Ortho, Ambulatory Gen Surg , Breast, Optho, ENT, Uro are all outpatient-based with private attendings. The goal is to take home skills that you can use in your FM clinic as well as see what specialists do and what types of patients they like to manage.

During CV Surg & Gen Surg, we have 1 private attending who wants you to write inpatient notes, operate, and see clinic patients. The other private attendings want you only in the OR and clinic. In the OR, you get to the case early to intubate the patient and start central/arterial lines. You typically 1st/2nd assist the case. The surgeon will either move on to the next case leaving you to close under the supervision of the 1st assist, or you may be asked to break scrub and move on to the next case next door to intubate and start the central line.

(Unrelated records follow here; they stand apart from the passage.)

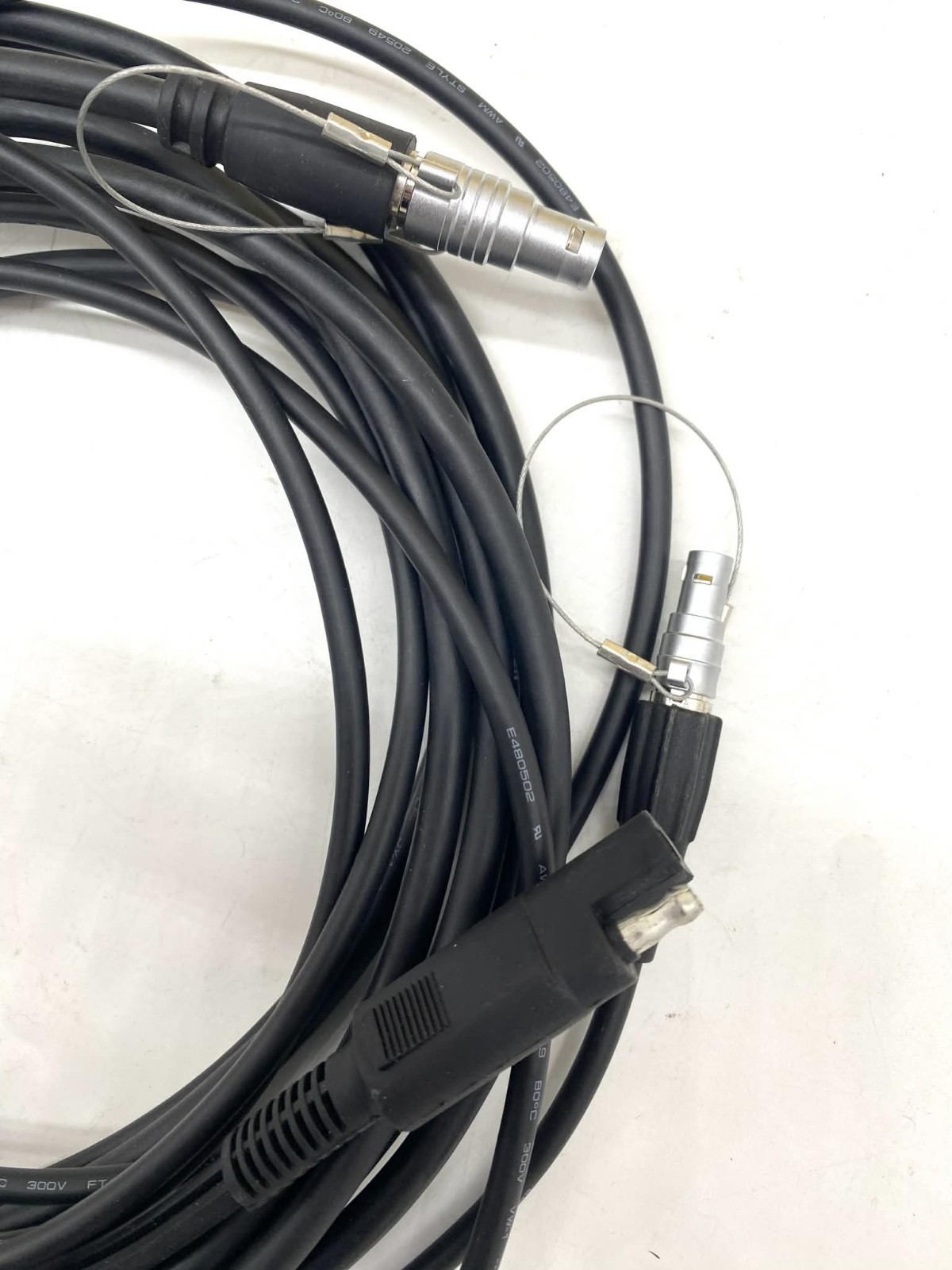 Trimble TDL 450H 430-470 MHz Radio Modem 74450-65 ADLP-2 (Read Description)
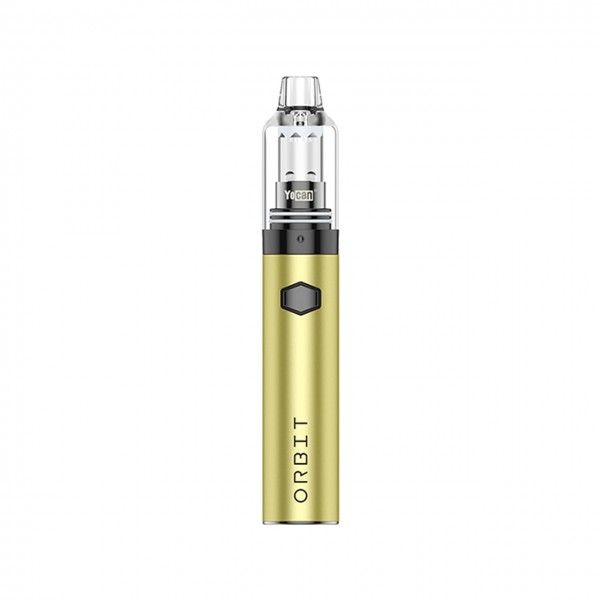 Yocan Orbit Vaporizer Pen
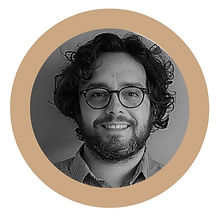 Accompagnement opérationnel en organisation RH, QVCT et dynamique managériale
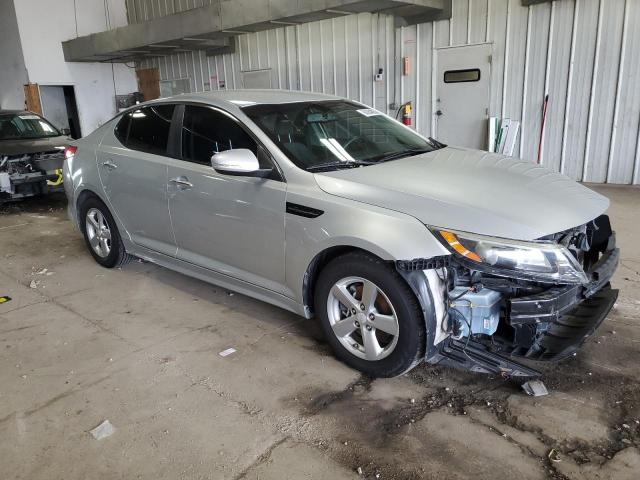 2015 KIA OPTIMA LX 5XXGM4A70FG445075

We don't take Trauma call or Surgery call on- or off-service.

On OB, you start by doing 1 month as an intern at an opposed county hospital working triage and doing low risk vaginal delivery (avg 25-30 SVD during the month). The rotation's pretty busy but cookie-cutter and intellectually mind-numbing. You'll be ready to come home after this rotation.

As a 2nd year resident, you come back to the home hospital. We run our own teaching service in the hospital which theoretically should be low-risk but often times they are trainwreck patients with no medical care. Under faculty supervision (no upper-levels or fellows), you work triage, you manage the labor, you deliver the baby, you do the C-section or 1st assist (whatever you prefer), you round postpartum, and follow them outpatient with the baby (if logistically possible).

On Gyn, you run the service, seeing patients in the ER and manage them on the floor. If you have a D&C, it's yours. If it's a scope or ex-lap, you 1st assist the attending. And then, you go to the attending's clinic during the daytime. You also have Colpo clinic during protected time.

On OB/Gyn call, you hold both the OB & Gyn pager and do the job of both of those people at night. Our OB/Gyn teaching service admits q1 24 hours a day, no cap, ball park 3-8 admits (range 0-15) per 12 hours not including those discharged directly from Triage or the ER. As a resident, however, you only take OB/Gyn call on a q7 basis 6-7 months out of the year (off-service residents, like the ones on sports med or geriatrics etc., pitch in overnight during the week). By mid-year, the call's a piece of cake to be honest. Nurses are strong and help a lot. We have 24 hour in house OB faculty. We also have 24 hour in house Neo; but some times, you may be resuscitating the baby until Neo code team gets there. Again, the nurses are strong.

Anyways, the level of responsibility vary a lot, if you ask around. Hopefully you'll pick a program that will give you a lot of responsibility. You've already spent your 3rd and 4th year hunched over books, bored off your butt. Why not get your hands dirty and put it all to work?